My love of tea began with childhood visits with my regal grandmother.
She would serve tea in a gorgeous fine bone china cup. The blue flowery print was faded, but when she asked me, ‘One lump or two?’ as I sat opposite at the kitchen table, I felt so grown up.
After the milky, weak, overly sweet tea in a fine bone teacup, my next treasured memory is slurping a strong smoky black brew of billy tea from a dinted tin mug by a campfire.
The blue rim was faded but when the wizened stockman asked me, ‘One lump or two’ I felt as rugged and Aussie as you could get.
To this day, I enjoy making billy tea on the hot coals of a campfire, before swinging the billy with a straight arm four times in a clockwise direction to make the perfect brew.
My next tea stop was Fortnum and Mason, London’s exclusive department store, where I wandered the aisles looking for the perfect blend. The tea was overly packaged but so beautifully presented. Each week I’d put a dint in my meagre wage on tea alone, but it was worth every pence.
Whilst browsing, a stately gentleman advised me that the only way to serve tea was with twice boiled water. It’s a tip I’ve never forgotten and still employ today.
My love affair continued when I visited India, the home of tea. As I backpacked my way around the colourful country, the call of ‘chai chai’ on the trains was as common as the clickety-clack of the tracks.
Made with water, powdered milk, sugar and black tea, it’s offered as it is made. Costing only a few rupees and served in a ‘recyclable’ red clay rudimentary cup, chai has a flavour I cannot recreate at home, despite countless attempts.
Fast forward 20 years and today we have an abundance of choice. Fighting for retail real estate with Twinning’s and Tetley are myriad brands, big and small.

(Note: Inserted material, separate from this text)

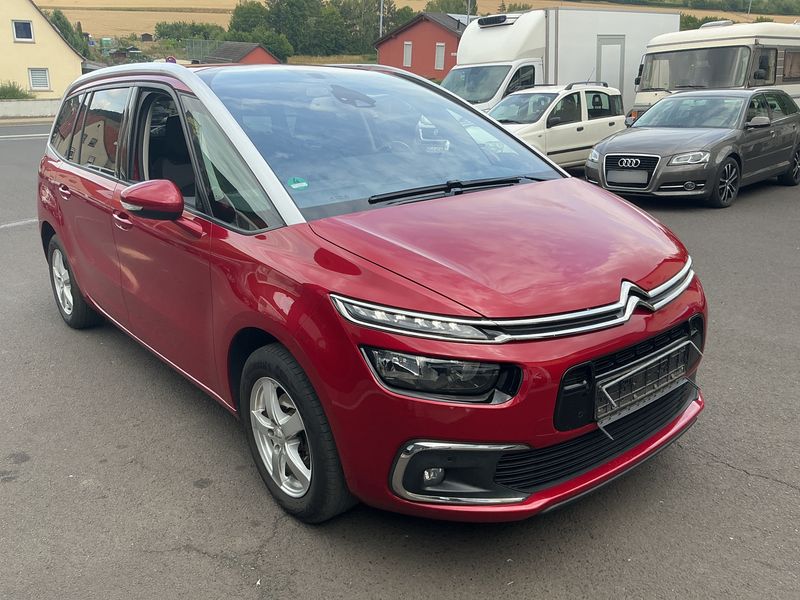 Citroen C4 Grand Picasso 1.6 Blue-HDi Selection — zdjęcie 6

So to help you get started, here are my top five to try:
1. “Prana Chai” is made with black Ceylon tea, Australian bush honey, cinnamon, cardamom, star anise, peppercorns, cloves, fresh ginger and salt. In a small saucepan, I add 1 tablespoon of this sticky blend to 1 cup of soy milk and water and warm on a low heat for 10 minutes, stirring often, before straining it and drinking.
2. “Golden Grind” is the newest kid on the block. It is a glorious Ayurveda blend of turmeric, cinnamon, ginger and black pepper which claims to fight heart disease, reduce cholesterol, nausea and indigestion as well as fight colds and flu. It’s especially warming in the cold months.

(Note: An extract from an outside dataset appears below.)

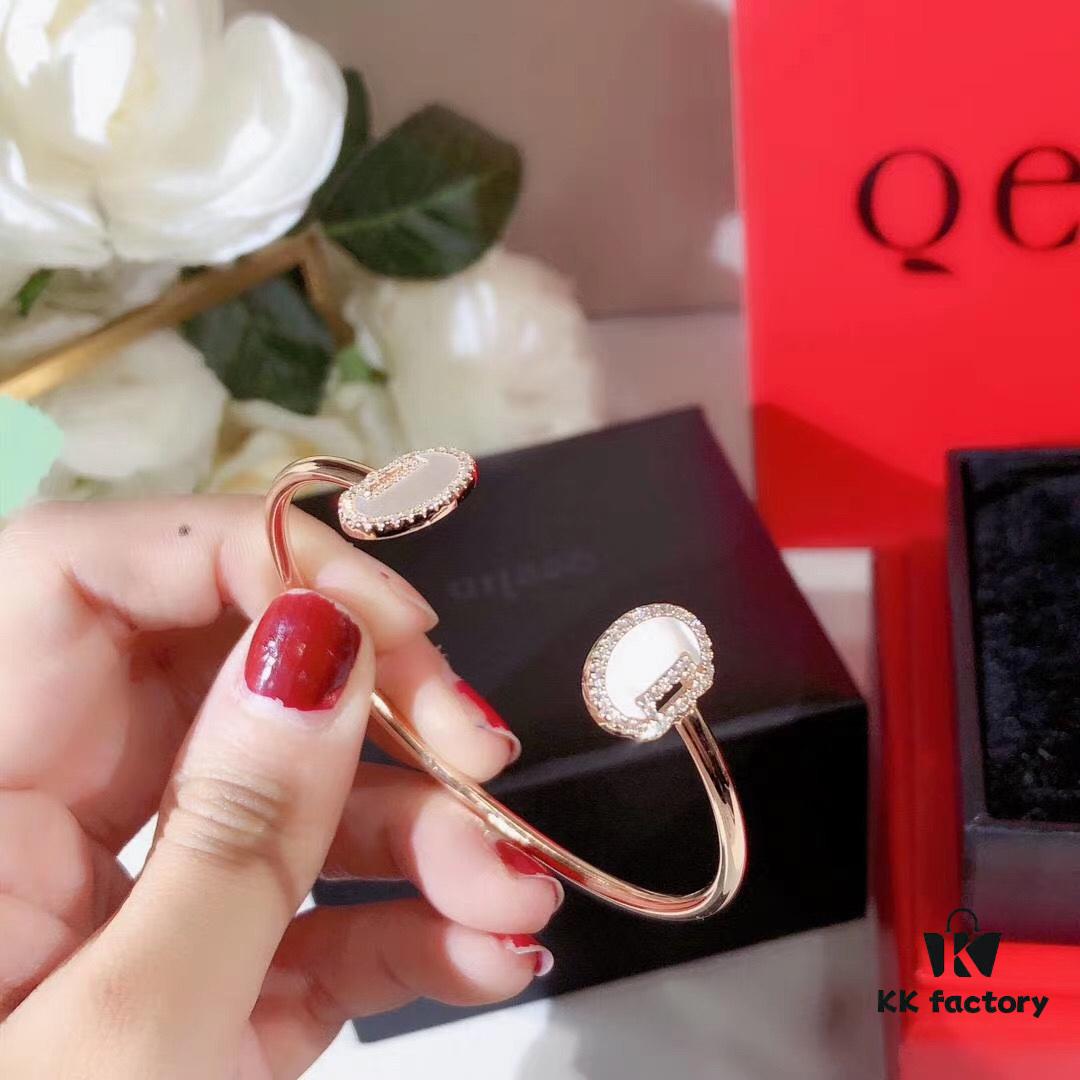 S925 Sterling Silver Qilin Ruyi Lock Red Carnelian Elastic Bracelet, Gourd Design Symbolizing 'Good Fortune and Prosperity'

3. “Matcha Maiden’s Green Tea” is a ground bright green tea powder, which claims to have 137 times the antioxidants than regular green tea. I love a latte — add 1 teaspoon of Matcha tea powder and ½ teaspoon coconut sugar into a cup, add ½ cup of boiling water and stir well, then top with frothed milk.
4. Geelong-based “Love Tea” has been a long time favourite of mine. I first discovered this brand when I was given the ‘breast-feeding’ tea blend.
5. “Pukka” has a very large range including my husband’s favourite ‘Night Time’ blend. The tea bags mean you simply add water.
And don’t forget the latest accessory – a tea bottle, which will keep your tea warm up to 2 hours so you can make it and take it.